### Work to complete
An exact repetition of the data below, without images, is the expected answer.

### Dataset content

******************************

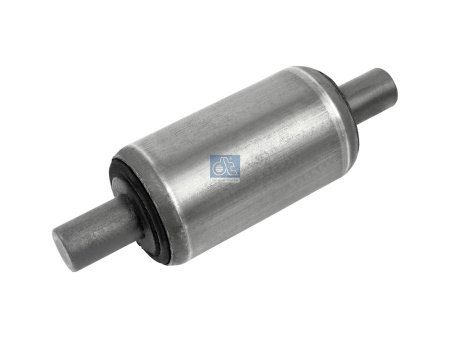 DT SPRING BUSHING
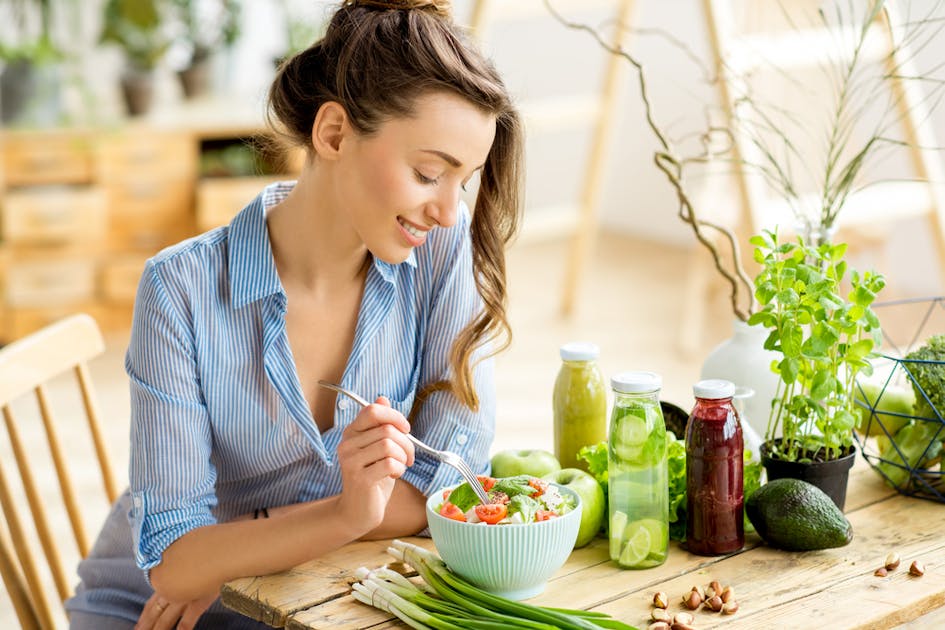 炭水化物抜きダイエットの効果的な方法 おすすめの食事 痩せるコツを徹底解説 Smartlog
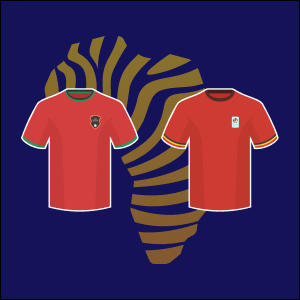 Malawi vs Uganda betting tips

******************************

### Reply to the exercise
 DT SPRING BUSHING
 炭水化物抜きダイエットの効果的な方法 おすすめの食事 痩せるコツを徹底解説 Smartlog
 Malawi vs Uganda betting tips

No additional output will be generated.